1.2 "Customer" means any Person that acquires Systems from MINOLTA for its own
use or for sale, lease or other disposition.
1.3 "Deliverables" has the meaning set forth in Section 2 hereof.
1.4 "End User" means a Person that acquires a System directly from MINOLTA or
indirectly from a Customer of MINOLTA, and uses the System for any purpose.
1.5 "Know-how" means knowledge, information, inventions (other than those
embodied in the patent rights), trade secrets and systems used in the
design, development, manufacture, assembly, servicing or testing of the
MICROPRESS(R) commercial printing system.
1.6 "License" means the license granted by T/R to MINOLTA pursuant to this
Agreement.
1.7 "Licensed Intellectual Property Rights" means the Know-how, patent rights
and similar intellectual property owned by T/R and used in the design,
development, manufacture, assembly, servicing or testing of the System or
any portion thereof.
1.8 "MINOLTA Orders" has the meaning set forth in Section 5 hereof.
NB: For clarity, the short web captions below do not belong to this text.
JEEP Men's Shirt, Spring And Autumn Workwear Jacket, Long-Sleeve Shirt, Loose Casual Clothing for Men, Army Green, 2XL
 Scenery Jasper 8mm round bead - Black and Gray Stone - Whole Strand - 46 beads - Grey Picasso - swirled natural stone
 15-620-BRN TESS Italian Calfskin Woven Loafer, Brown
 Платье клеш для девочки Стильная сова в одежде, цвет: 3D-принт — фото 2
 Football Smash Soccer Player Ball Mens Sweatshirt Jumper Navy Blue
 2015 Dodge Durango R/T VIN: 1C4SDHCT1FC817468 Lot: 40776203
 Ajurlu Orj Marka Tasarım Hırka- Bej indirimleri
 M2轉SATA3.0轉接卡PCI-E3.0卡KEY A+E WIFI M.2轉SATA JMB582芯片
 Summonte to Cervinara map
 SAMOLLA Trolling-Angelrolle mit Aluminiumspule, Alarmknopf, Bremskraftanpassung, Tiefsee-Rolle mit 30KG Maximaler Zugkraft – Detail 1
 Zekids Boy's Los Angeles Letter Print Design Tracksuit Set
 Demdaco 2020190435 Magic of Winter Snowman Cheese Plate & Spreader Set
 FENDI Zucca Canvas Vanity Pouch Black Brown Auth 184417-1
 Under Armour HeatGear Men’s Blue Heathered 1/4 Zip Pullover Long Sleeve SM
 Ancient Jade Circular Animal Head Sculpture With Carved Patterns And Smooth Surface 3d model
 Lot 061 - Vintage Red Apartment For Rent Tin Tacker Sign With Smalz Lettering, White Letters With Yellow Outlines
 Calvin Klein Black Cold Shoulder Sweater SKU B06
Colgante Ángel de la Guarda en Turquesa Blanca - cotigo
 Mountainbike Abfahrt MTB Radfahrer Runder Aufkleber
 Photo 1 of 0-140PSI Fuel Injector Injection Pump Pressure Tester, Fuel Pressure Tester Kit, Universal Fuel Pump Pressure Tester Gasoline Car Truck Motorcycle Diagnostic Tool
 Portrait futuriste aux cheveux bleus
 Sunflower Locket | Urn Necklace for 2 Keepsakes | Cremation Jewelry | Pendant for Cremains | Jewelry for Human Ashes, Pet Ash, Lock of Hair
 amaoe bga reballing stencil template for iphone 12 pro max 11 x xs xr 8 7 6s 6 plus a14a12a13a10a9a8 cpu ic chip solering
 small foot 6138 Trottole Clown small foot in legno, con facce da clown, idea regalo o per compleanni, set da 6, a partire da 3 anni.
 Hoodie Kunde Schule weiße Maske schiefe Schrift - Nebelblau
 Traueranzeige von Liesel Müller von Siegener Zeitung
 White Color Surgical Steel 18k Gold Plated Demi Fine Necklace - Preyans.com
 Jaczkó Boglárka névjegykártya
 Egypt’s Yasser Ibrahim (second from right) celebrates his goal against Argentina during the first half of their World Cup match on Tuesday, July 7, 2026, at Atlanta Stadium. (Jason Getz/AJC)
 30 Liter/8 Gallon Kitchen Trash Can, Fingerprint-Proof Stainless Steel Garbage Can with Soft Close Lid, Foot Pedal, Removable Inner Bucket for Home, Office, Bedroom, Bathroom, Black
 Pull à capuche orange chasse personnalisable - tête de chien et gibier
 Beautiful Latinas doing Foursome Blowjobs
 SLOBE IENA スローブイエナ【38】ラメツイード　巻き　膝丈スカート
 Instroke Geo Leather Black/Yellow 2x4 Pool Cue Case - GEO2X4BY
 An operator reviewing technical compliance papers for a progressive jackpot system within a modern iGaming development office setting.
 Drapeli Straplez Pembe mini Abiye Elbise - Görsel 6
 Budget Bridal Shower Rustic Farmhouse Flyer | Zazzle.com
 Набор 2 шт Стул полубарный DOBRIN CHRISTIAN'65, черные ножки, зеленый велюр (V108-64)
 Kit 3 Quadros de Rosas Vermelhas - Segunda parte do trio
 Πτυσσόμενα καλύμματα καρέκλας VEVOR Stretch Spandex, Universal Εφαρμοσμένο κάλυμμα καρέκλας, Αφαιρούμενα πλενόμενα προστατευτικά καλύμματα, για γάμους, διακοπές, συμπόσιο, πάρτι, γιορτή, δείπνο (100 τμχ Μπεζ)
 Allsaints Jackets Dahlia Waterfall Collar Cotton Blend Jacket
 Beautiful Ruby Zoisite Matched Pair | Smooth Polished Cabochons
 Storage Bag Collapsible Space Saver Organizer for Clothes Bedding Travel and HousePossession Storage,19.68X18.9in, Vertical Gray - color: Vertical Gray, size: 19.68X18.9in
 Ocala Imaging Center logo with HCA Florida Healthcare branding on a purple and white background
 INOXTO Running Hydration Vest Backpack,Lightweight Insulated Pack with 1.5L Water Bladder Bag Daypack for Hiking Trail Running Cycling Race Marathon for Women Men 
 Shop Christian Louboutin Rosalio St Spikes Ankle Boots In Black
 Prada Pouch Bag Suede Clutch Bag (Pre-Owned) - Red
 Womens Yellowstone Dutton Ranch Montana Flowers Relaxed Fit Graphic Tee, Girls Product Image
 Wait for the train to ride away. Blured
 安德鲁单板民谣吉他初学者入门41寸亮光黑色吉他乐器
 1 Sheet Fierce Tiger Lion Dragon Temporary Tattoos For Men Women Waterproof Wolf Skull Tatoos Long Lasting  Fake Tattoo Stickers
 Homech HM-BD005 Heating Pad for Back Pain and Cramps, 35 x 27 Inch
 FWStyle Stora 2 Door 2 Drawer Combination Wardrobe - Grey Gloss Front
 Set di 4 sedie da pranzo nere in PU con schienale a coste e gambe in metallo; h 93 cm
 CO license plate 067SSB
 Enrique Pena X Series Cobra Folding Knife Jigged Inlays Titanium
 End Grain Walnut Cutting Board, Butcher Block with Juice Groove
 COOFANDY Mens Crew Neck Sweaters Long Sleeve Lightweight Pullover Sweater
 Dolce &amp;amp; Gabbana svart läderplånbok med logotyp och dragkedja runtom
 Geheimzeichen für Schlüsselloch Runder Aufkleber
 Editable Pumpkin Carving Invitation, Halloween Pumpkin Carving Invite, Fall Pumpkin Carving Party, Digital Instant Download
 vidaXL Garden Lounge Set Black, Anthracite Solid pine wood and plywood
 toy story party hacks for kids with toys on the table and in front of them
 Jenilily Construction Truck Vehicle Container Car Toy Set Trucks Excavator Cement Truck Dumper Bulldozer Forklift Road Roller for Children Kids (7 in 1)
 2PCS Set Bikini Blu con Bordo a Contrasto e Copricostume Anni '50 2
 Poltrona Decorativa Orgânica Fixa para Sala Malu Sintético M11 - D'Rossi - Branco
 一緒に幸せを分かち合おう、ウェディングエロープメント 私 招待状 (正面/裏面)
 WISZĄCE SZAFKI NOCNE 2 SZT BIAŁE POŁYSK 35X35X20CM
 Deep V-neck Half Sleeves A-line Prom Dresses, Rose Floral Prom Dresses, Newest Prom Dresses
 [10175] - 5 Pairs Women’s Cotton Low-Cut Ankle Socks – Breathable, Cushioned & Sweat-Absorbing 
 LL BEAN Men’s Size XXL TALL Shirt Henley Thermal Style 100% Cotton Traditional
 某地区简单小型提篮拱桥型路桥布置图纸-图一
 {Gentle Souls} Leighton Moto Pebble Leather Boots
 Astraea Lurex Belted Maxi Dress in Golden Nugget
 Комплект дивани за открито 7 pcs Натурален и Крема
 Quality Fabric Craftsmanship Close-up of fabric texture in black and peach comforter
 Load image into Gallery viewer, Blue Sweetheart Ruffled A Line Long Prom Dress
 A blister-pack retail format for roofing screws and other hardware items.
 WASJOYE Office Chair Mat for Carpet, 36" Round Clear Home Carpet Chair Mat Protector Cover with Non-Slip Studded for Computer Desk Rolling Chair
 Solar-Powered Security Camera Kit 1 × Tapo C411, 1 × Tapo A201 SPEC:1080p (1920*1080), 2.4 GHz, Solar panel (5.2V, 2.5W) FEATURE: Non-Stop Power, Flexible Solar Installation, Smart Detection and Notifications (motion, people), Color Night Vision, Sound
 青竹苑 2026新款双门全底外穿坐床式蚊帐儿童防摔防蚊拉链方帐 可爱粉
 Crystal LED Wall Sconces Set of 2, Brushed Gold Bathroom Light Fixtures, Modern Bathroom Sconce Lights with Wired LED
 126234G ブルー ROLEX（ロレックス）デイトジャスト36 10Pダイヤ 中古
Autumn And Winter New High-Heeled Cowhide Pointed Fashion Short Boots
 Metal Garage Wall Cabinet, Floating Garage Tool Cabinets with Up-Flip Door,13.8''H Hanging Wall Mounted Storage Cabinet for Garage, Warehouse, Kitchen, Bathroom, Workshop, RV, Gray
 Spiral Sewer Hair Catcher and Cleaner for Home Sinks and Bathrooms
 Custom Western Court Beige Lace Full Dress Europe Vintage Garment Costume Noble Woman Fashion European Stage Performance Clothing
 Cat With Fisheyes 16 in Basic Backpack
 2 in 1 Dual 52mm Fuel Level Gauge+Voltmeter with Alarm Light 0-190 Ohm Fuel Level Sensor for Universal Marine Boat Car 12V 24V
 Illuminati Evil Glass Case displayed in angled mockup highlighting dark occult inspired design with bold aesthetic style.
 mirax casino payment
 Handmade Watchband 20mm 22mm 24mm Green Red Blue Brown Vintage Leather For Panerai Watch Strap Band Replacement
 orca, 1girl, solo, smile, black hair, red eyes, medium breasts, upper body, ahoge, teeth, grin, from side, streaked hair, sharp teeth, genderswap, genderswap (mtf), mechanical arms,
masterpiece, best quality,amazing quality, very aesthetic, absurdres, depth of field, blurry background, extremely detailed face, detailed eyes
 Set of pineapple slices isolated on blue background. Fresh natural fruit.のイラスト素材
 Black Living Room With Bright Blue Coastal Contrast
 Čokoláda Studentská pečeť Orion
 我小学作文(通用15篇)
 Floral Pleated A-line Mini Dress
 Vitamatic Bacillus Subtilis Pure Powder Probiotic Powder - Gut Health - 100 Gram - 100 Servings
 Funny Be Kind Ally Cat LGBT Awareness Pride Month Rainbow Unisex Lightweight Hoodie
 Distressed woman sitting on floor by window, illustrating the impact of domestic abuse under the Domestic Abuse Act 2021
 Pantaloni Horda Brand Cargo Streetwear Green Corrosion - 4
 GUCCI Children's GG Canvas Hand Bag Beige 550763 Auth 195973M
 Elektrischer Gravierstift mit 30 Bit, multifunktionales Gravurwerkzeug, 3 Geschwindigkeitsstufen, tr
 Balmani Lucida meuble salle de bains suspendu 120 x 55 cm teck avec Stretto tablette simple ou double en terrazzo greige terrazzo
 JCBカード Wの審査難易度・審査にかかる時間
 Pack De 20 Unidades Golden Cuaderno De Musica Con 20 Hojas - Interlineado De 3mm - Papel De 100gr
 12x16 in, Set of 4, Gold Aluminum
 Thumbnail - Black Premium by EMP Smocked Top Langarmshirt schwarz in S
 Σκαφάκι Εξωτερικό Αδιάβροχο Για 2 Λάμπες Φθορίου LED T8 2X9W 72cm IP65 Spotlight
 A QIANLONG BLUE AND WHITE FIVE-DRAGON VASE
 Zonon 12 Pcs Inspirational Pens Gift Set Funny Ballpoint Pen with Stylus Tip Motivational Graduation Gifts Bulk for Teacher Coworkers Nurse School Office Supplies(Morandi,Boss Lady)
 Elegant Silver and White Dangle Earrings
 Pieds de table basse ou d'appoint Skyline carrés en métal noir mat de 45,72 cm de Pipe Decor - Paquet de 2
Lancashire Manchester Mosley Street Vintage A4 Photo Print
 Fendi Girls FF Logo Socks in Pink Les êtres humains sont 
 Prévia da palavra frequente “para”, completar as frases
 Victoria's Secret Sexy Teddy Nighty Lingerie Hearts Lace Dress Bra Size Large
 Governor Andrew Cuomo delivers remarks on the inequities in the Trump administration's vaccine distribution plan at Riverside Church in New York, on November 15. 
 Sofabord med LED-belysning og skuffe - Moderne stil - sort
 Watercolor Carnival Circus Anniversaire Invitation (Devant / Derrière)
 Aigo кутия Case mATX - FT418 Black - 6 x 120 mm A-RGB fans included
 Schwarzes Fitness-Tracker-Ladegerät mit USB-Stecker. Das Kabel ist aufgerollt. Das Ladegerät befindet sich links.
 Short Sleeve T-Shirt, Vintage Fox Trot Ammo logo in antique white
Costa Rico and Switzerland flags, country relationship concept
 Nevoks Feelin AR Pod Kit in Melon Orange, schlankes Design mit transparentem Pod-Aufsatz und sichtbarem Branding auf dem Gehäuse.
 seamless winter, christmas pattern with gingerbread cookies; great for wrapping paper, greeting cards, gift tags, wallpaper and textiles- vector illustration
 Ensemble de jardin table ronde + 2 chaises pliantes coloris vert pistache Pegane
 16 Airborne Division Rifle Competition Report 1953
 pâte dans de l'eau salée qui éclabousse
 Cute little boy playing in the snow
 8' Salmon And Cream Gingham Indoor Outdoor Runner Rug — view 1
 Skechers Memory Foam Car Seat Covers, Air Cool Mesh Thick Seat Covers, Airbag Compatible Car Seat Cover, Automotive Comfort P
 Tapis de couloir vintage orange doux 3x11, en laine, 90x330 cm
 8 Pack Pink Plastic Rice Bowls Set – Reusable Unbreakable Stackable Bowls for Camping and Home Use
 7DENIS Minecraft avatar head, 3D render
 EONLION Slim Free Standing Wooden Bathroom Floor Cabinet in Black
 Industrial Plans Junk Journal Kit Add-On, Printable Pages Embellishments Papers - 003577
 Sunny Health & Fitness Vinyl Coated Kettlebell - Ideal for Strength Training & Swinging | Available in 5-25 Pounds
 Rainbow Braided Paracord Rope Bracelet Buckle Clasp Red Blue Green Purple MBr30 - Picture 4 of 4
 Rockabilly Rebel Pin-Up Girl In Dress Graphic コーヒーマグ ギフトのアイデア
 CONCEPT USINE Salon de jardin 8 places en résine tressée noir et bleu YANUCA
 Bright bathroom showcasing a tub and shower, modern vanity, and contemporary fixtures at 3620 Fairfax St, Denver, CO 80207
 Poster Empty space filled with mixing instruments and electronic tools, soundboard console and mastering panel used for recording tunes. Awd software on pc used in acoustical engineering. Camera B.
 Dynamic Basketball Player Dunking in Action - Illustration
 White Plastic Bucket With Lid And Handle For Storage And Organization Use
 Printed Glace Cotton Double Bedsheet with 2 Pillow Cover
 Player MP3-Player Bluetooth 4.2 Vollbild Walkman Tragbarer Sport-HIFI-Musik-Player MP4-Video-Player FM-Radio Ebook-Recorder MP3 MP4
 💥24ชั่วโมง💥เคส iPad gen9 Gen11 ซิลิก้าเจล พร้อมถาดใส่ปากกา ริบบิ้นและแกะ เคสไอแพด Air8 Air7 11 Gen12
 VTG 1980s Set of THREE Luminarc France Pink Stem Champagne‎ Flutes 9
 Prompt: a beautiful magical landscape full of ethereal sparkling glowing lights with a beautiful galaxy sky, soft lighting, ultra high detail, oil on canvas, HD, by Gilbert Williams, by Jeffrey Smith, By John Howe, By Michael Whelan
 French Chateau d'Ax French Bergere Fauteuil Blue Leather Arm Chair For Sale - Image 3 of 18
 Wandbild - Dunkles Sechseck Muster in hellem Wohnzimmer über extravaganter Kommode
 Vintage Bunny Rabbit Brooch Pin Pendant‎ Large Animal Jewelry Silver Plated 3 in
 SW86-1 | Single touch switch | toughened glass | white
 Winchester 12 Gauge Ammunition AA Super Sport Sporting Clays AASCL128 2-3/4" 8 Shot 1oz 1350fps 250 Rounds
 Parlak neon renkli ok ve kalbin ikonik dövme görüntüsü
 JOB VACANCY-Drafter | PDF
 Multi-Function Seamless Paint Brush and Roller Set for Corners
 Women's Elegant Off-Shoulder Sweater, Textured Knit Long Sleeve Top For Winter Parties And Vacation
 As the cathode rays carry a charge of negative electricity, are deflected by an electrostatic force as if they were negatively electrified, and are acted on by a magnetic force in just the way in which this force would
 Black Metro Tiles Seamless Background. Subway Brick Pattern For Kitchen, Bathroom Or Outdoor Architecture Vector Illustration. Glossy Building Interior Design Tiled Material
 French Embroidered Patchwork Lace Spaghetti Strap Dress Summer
1.9 "Person" means any individual, partnership, joint venture, corporation,
trust, unincorporated organization, government, governmental agency or any
other entity.
1.10 "Subsidiary" means a corporation or other entity of which more than 50% of
the shares of the outstanding stock (representing the right to vote for the
election of directors or other managing authority) are now or hereafter
owned or controlled, directly or indirectly, by a party hereto, but such
corporation or other entity shall be deemed to be a Subsidiary only so long
as such ownership or control exists.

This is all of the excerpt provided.